The calves were assigned to different classes based on breed and age. Clark served as emcee while a judge studied each animal and praised those with good “dairiness” and “angularity.”

Tina Christie, of Langdon, N.H., was on hand to support her daughter Haley, who was set to show some Jerseys of her own.

“This fair is awesome,” Christie said. “It’s really by far the best fair we go to.”

The biggest event on the Christies’ schedule is the Eastern States Exposition, held each September in West Springfield, Mass. Often called the “Big E,” it draws exhibitors from up and down the East Coast. Gowdy is also planning to make the trip south next month.

Acworth, N.H., resident Scott Luther-Houghton is considering it, too, after his daughter Griselda qualified to participate earlier in the summer. The timing is of some concern, though. “I think we’re headed there,” he said, “but that would involve a couple days out of school.”

Despite never having shown cows himself, Luther-Houghton has encouraged his daughter’s interest in 4-H. “None of us has been involved in farming, but it seems to be something she’s taken quite an interest in, so it’s kind of neat to see her taking ownership of that,” he said.

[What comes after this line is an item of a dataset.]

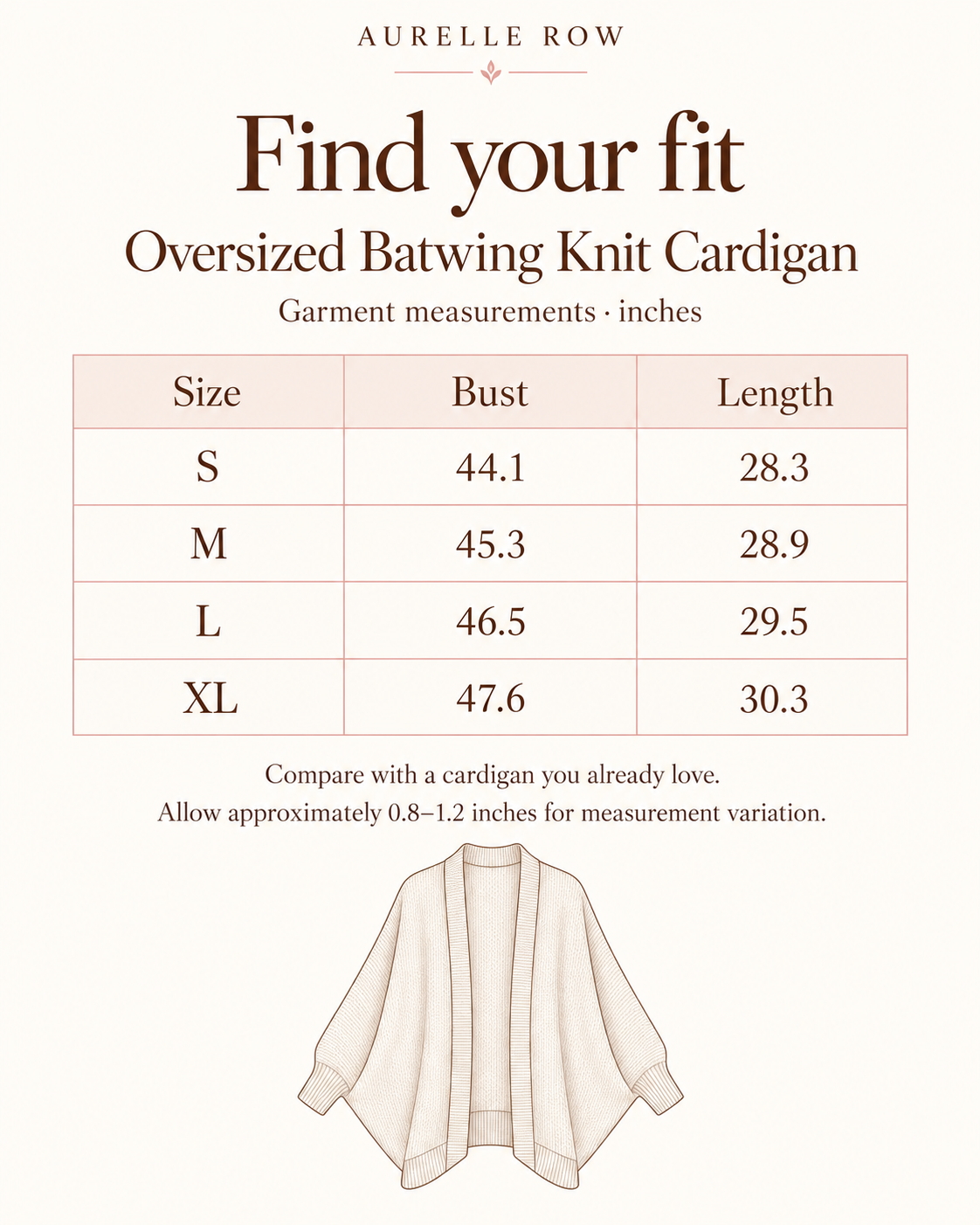 The Oversized Batwing Knit Cardigan — size guide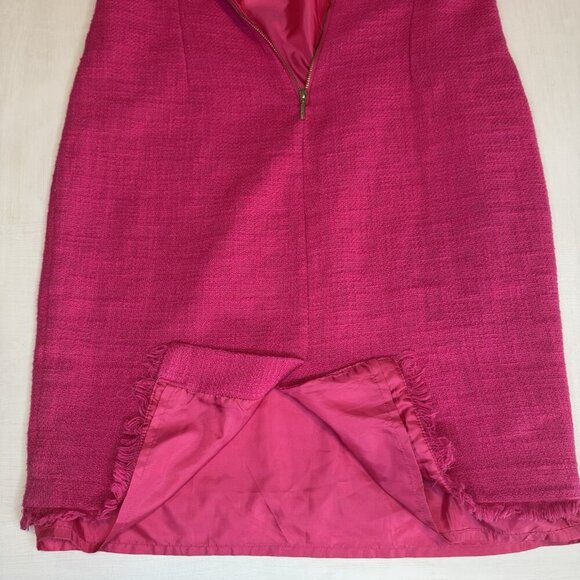 KARL LAGERFELD Paris Tweed Short Sleeve Dress Size Medium Hot Pink Gold Classy - Picture 8 of 16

Introducing young people to the dairy trade, and rewarding those who’ve worked hard at it, brings Clark back year after year.

“Yeah, we need the rides to draw people in,” she conceded, “but we want to make sure that our youth are recognized.”

Many entrants in the Cornish show spent months preparing.

“It takes a lot of work and hours before you come to the fair,” Clark said. “Every person who wants to do well needs to work with their animal every day. ... You’ve gotta have that drive.”

The show also represents an opportunity to celebrate a declining tradition. “Our dairy industry is getting smaller and smaller,” Clark said, “and you don’t want to lose it all.”

Clark is one of roughly 20 directors who plan Cornish’s annual fair, an undertaking that typically begins in October.

“We meet every single month,” co-director Glenn Thornton said, as he manned the fair entrance on Town House Road. “It takes an entire year to make three days happen.”

Thornton described the fair as a symbolic gateway to autumn: “The fair is usually an indicator of the end of summer, and then the kids are back to school.”

Given the work required to plan and execute the weekend-long event, he called it disappointing — “of course it is” — when weather intrudes. Last year, rain depressed the opening-day turnout to a few hundred.

On Saturday, an early drizzle made for another slow morning, but the place was abuzz by the time the sun shone through around 11.

Other fair attractions included a merry-go-round, a jet-ski-themed ride, a bingo tent staffed by the Cornish Volunteer Fire Department and fried food aplenty. Orange painter Gary Hamel added to a canvas inside Town Hall, where Windsor artist Gail Barton had displayed an array of her hand-woven reed baskets.

The Cornish Fair continues today from 7 a.m. to 7 p.m. Tickets may be purchased on-site for $10 apiece.